*Exercise goal*.
Look in the data below for the line that has "Front exterior view", then print exactly every line from there through the line that has "Sheer maroon blouse with lace details", leaving pictures out.

*Supplied records*.
* * *

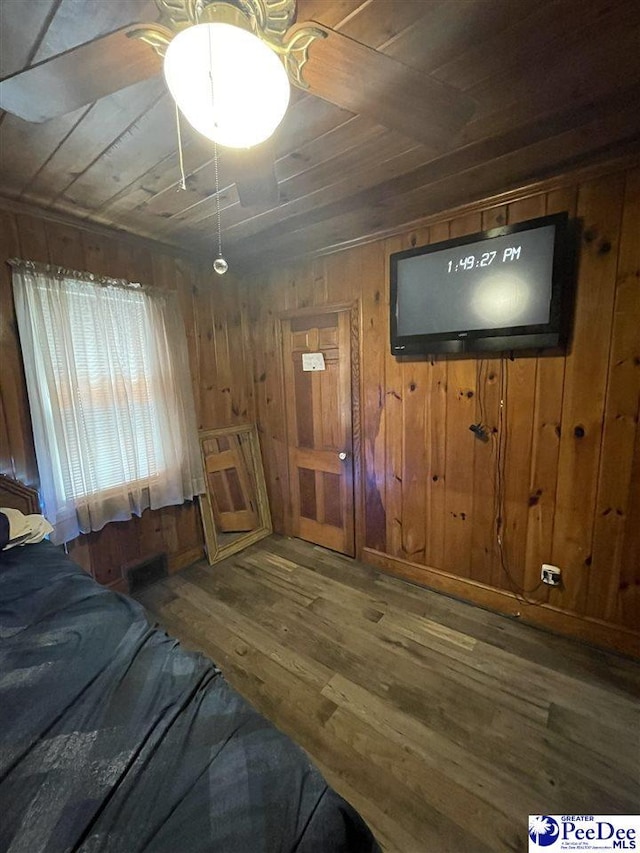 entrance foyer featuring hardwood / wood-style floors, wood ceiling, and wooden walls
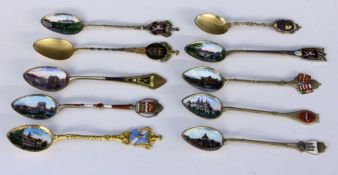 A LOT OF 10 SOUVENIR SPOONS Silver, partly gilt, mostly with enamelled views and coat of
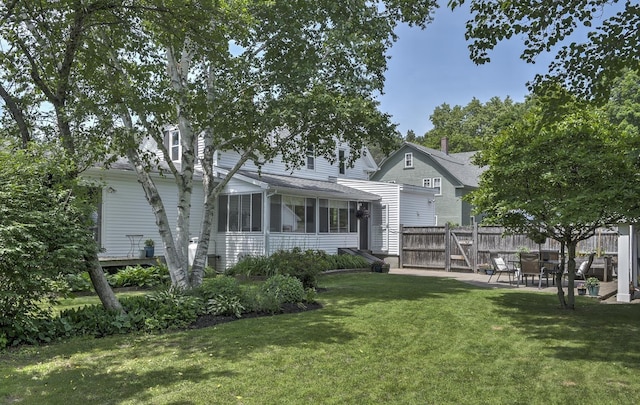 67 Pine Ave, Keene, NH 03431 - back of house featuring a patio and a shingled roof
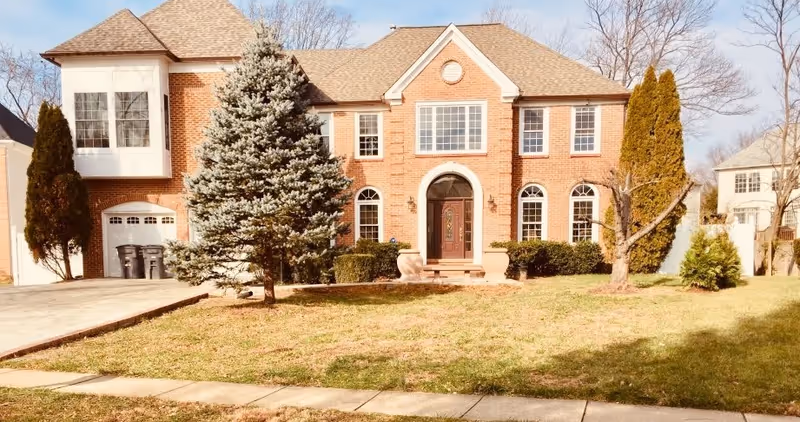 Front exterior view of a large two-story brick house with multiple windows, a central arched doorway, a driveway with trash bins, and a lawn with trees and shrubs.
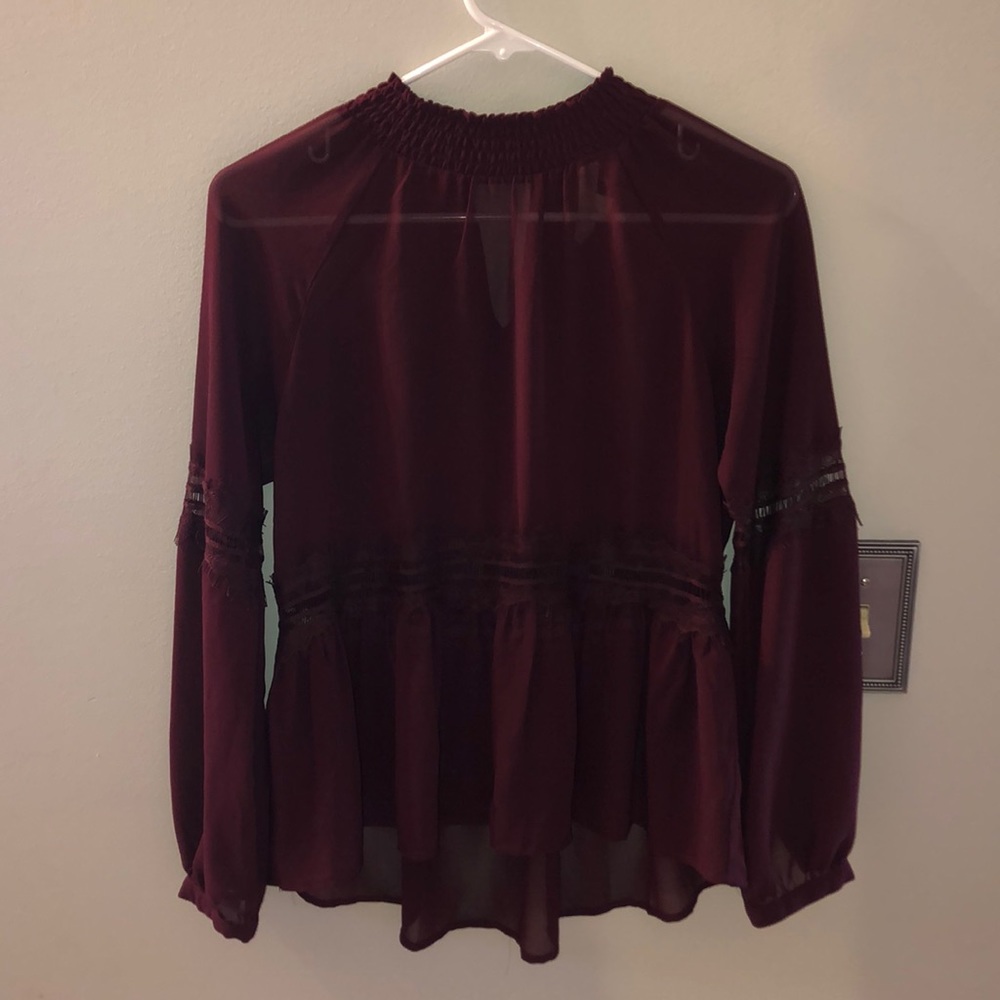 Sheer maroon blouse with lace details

* * *

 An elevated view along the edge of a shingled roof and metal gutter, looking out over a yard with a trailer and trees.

* * *

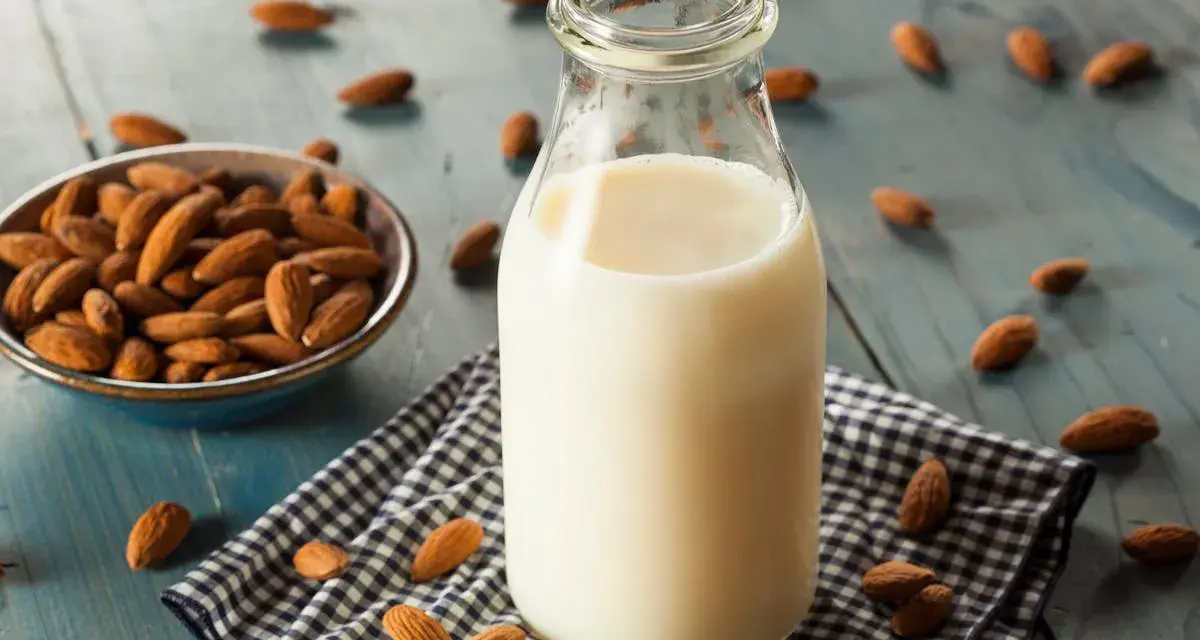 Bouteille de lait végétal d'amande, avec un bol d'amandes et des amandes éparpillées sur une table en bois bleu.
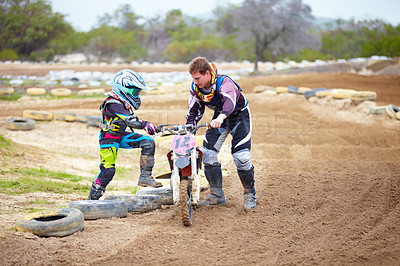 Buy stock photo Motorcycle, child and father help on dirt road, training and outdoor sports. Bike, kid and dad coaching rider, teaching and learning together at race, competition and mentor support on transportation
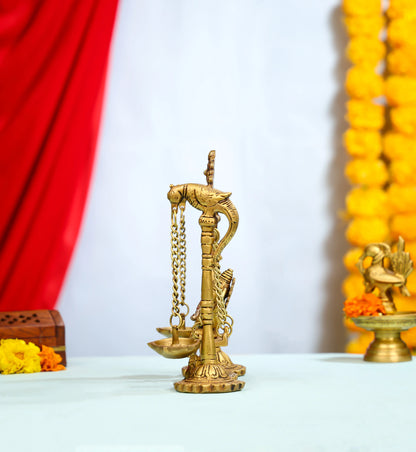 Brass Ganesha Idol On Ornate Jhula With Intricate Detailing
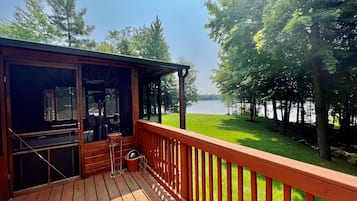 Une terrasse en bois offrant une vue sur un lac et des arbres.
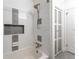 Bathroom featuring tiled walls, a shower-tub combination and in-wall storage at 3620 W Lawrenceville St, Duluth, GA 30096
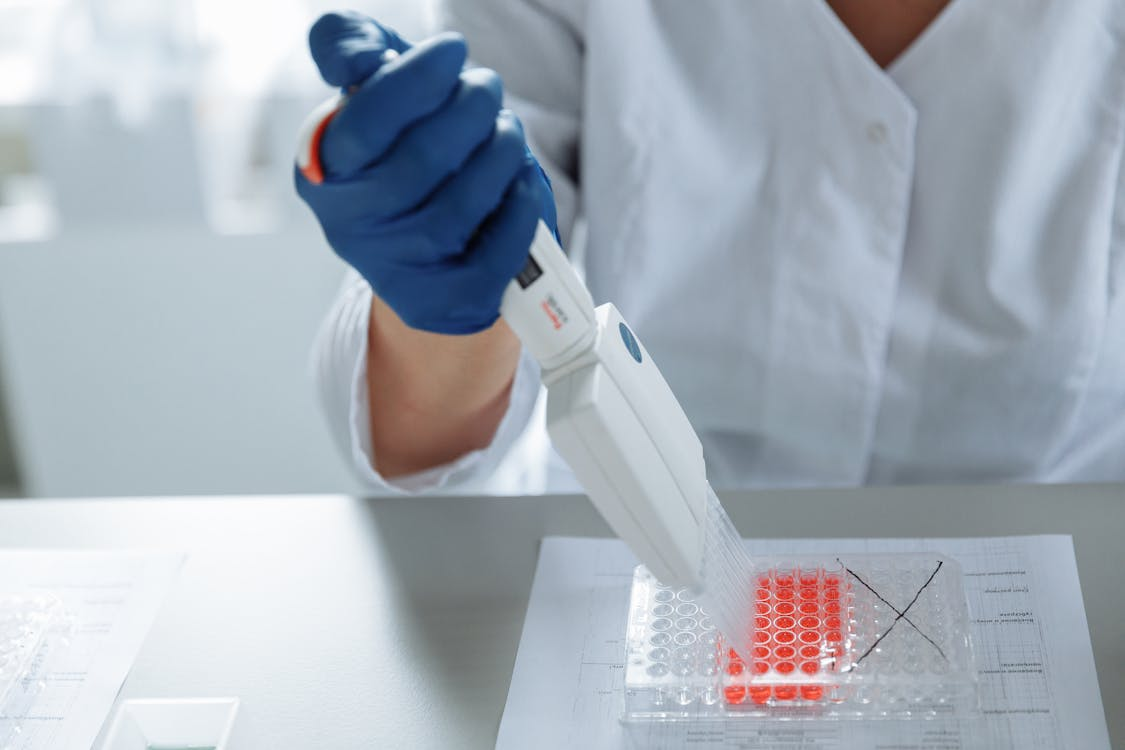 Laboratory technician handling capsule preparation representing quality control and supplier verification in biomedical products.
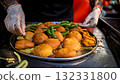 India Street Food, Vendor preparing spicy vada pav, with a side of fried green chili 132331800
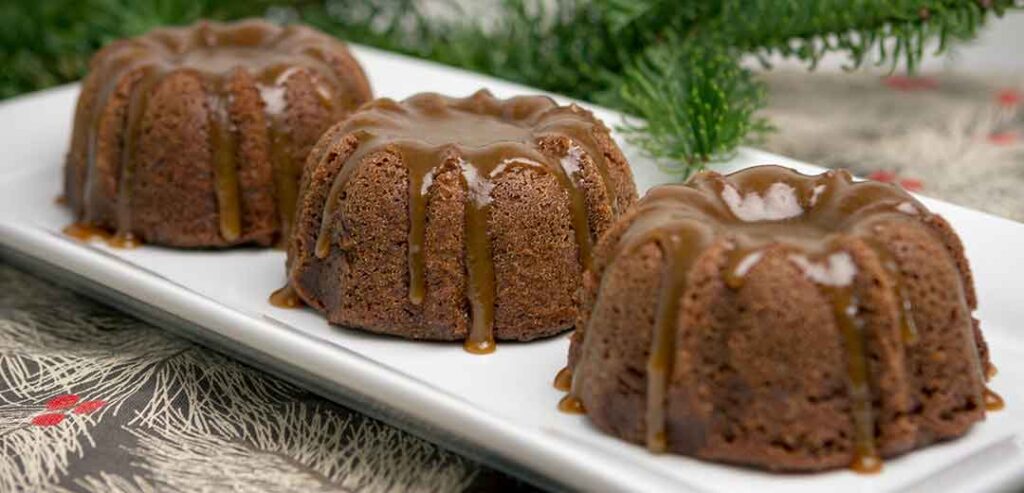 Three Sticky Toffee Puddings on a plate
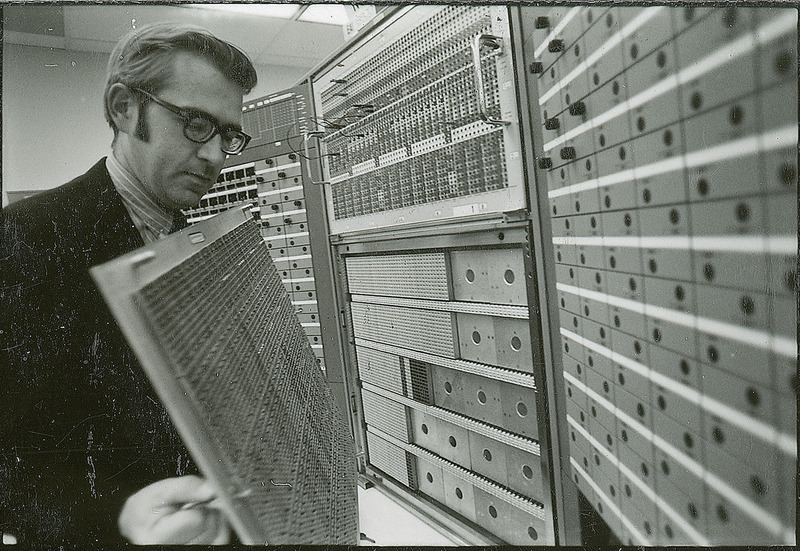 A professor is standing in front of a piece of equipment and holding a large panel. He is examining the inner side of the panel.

* * *

*Exercise solution*.
 Front exterior view of a large two-story brick house with multiple windows, a central arched doorway, a driveway with trash bins, and a lawn with trees and shrubs.
 Sheer maroon blouse with lace details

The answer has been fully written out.